▶ **TASK DETAILS**
Without the pictures, write out every entry that follows exactly.

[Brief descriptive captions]
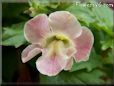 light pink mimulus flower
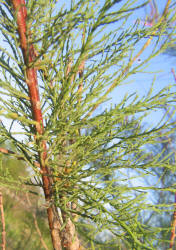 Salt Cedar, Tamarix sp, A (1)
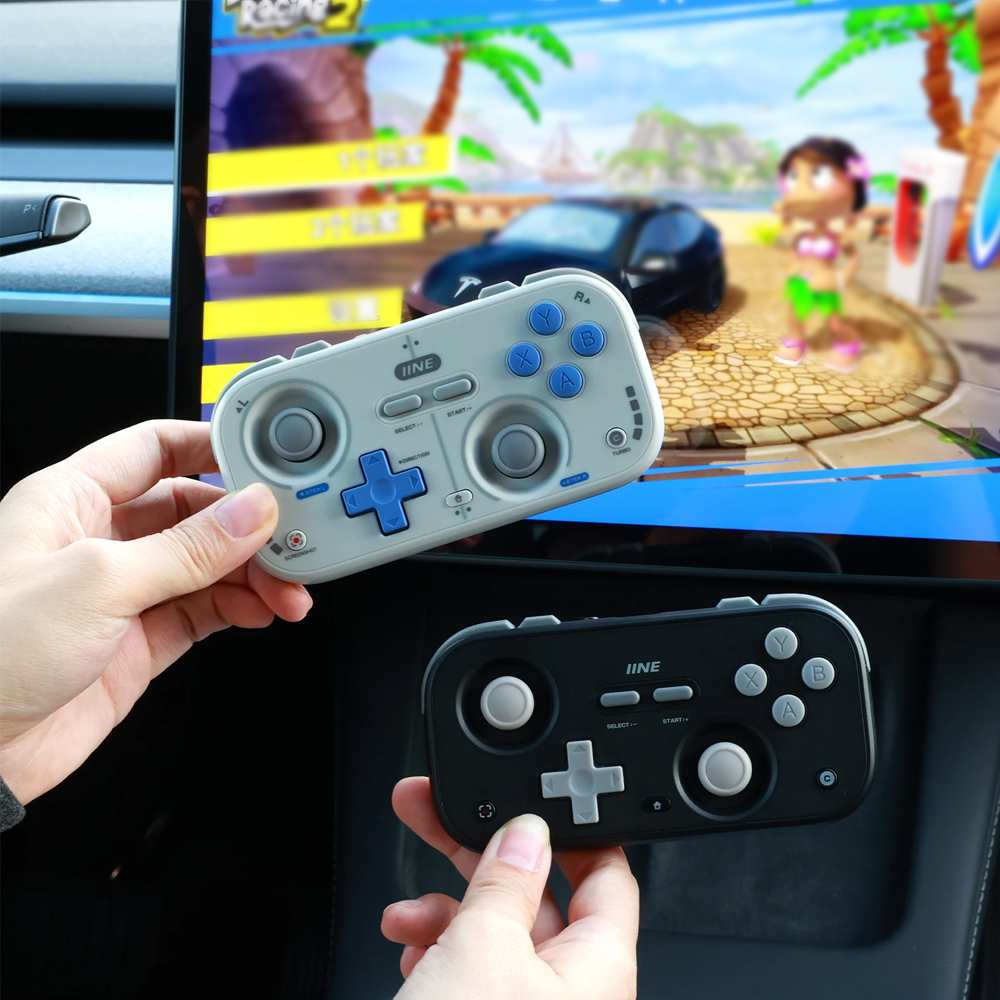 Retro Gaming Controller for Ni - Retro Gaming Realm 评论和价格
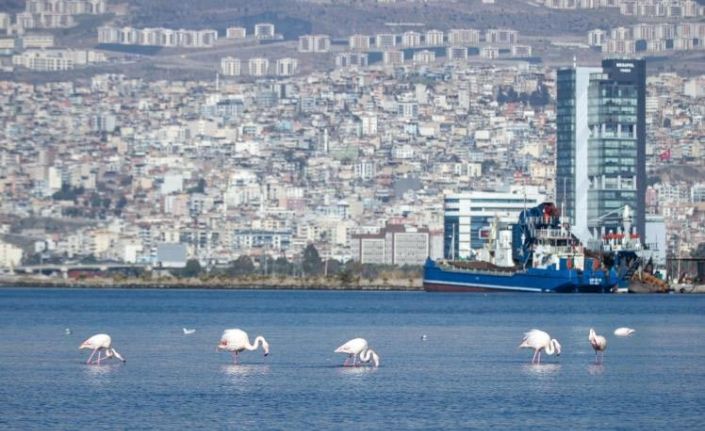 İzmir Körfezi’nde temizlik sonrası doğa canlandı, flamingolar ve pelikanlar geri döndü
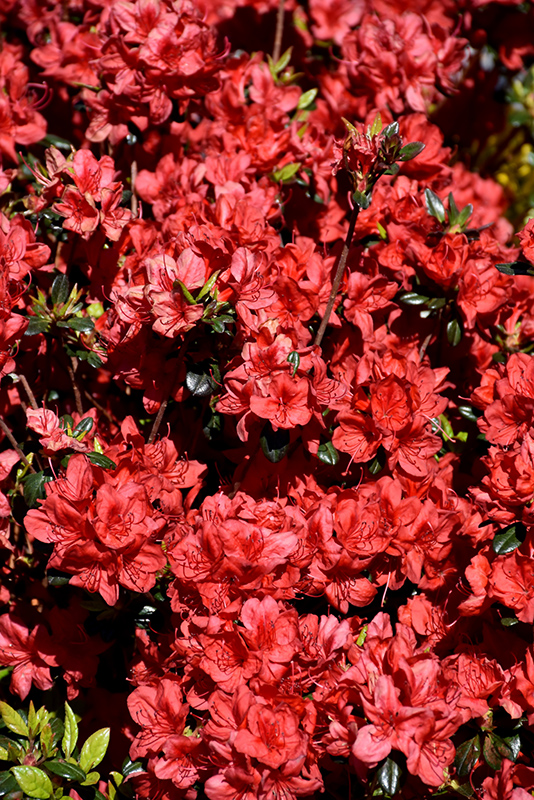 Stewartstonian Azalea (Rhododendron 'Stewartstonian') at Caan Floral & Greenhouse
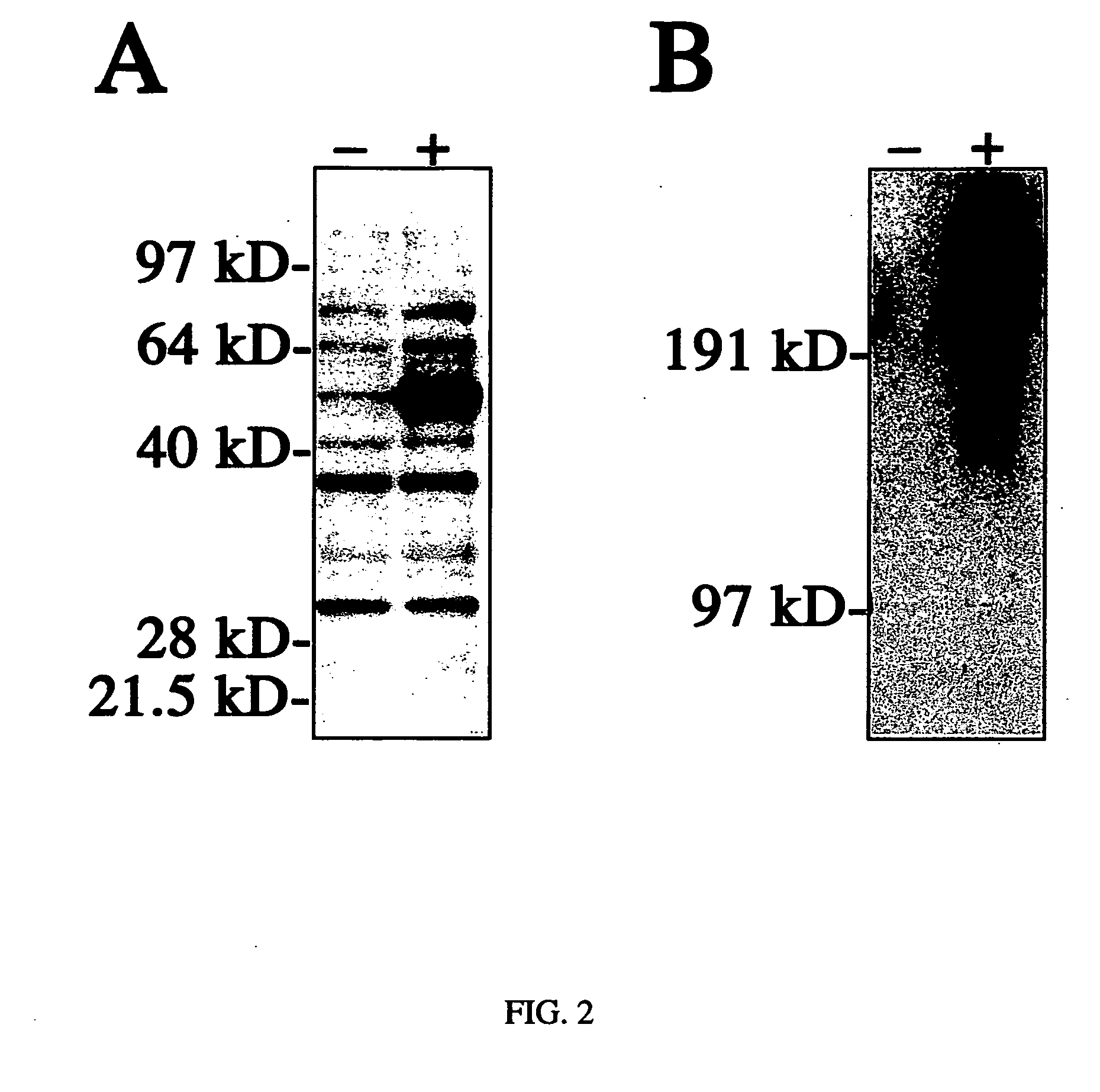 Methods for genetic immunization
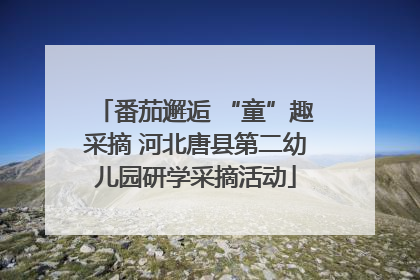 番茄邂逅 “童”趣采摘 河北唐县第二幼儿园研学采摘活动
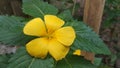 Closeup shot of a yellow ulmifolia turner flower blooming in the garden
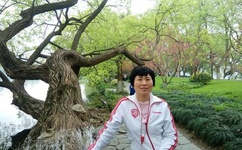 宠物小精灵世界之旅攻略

▶ **RESPONSE**
 light pink mimulus flower
 Salt Cedar, Tamarix sp, A (1)
 Retro Gaming Controller for Ni - Retro Gaming Realm 评论和价格
 İzmir Körfezi’nde temizlik sonrası doğa canlandı, flamingolar ve pelikanlar geri döndü
 Stewartstonian Azalea (Rhododendron 'Stewartstonian') at Caan Floral & Greenhouse
 Methods for genetic immunization
 番茄邂逅 “童”趣采摘 河北唐县第二幼儿园研学采摘活动
 Closeup shot of a yellow ulmifolia turner flower blooming in the garden
 宠物小精灵世界之旅攻略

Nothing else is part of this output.